**Task instructions:** Here the answer must be the exact run of lines from the line holding "Номер Стандарт, Reddoorz" to the end of the material below, and nothing else.

# # #

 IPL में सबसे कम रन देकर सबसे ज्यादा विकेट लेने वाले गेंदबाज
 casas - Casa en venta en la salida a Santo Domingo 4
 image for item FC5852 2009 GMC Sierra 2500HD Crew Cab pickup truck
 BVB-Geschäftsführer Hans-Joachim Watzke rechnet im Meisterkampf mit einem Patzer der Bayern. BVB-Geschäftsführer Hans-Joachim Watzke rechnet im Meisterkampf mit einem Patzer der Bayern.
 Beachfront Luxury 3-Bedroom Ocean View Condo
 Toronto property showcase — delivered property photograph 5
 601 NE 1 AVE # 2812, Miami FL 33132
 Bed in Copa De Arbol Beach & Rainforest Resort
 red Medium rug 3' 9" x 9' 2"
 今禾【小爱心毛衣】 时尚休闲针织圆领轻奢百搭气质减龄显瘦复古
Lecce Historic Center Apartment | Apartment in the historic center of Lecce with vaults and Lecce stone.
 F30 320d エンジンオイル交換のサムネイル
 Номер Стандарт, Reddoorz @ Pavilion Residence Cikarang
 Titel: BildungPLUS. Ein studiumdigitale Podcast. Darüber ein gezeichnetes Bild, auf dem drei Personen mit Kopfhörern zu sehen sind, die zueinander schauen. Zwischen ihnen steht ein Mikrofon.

# # #

**Response to the task:**
 Номер Стандарт, Reddoorz @ Pavilion Residence Cikarang
 Titel: BildungPLUS. Ein studiumdigitale Podcast. Darüber ein gezeichnetes Bild, auf dem drei Personen mit Kopfhörern zu sehen sind, die zueinander schauen. Zwischen ihnen steht ein Mikrofon.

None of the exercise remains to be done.